Search code examples
unicodeunicode-string

what is meant by the notation "U+" when discussing Unicode encoding?


i realize this is pretty basic, as i am reading about Unicode in Wikipedia and wherever it points. but this "U+0000" semantic is not completely explained. it appears to me that "U" always equals 0.

why is that "U+" part of the notation? what exactly does it mean? (it appears to be some base value, but i cannot understand when or why it is ever non-zero.)

also, if i receive a string of text from some other source, how do i know if that string is encoded UTF-8 or UTF-16 or UTF-32? is there some way i can automatically determine that by context?


Solution

    1. From Wikipedia, article Unicode, section Architecture and Terminology:

      Unicode defines a codespace of 1,114,112 code points in the range 0 to 10FFFF (hexadecimal). Normally a Unicode code point is referred to by writing "U+" followed by its hexadecimal number. For code points in the Basic Multilingual Plane (BMP), four digits are used (e.g., U+0058 for the character LATIN CAPITAL LETTER X); for code points outside the BMP, five or six digits are used.

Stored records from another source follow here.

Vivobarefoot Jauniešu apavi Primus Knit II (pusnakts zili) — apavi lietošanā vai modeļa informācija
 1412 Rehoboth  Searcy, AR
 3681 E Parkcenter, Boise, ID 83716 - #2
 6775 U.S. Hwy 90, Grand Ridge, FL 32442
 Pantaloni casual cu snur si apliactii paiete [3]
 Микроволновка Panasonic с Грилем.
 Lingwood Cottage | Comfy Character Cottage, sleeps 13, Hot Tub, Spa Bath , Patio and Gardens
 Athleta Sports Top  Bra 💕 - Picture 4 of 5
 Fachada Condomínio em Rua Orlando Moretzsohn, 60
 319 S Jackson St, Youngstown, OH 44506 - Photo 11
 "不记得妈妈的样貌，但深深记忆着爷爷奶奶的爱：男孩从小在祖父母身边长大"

      This convention was introduced so that the readers understand that the code point is specifically a Unicode code point. For example, the letter ă (LATIN SMALL LETTER A WITH BREVE) is U+0103; in Code Page 852 it has the code 0xC7, in Code Page 1250 it has the code 0xE3, but when I write U+0103 everybody understands that I mean the Unicode code point and they can look it up.

    2. For languages written with the Latin alphabet, UTF-16 and UTF-32 strings will most likely contain lots and lots of bytes with the value 0, which should not appear in UTF-8 encoded strings. By looking at which bytes are zero you can also infer the byte order of UTF-16 and UTF-32 strings, even in the absence of a Byte Order Mark.

      So for example if you get the bytes

       0xC3 0x89 0x70 0xC3 0xA9 0x65
      

      this is most likely Épée in UTF-8 encoding. In little-endian UTF-16 this would be

       0x00 0xC9 0x00 0x70 0x00 0xE9 0x00 0x65
      

      (Note how every even-numbered byte is zero.)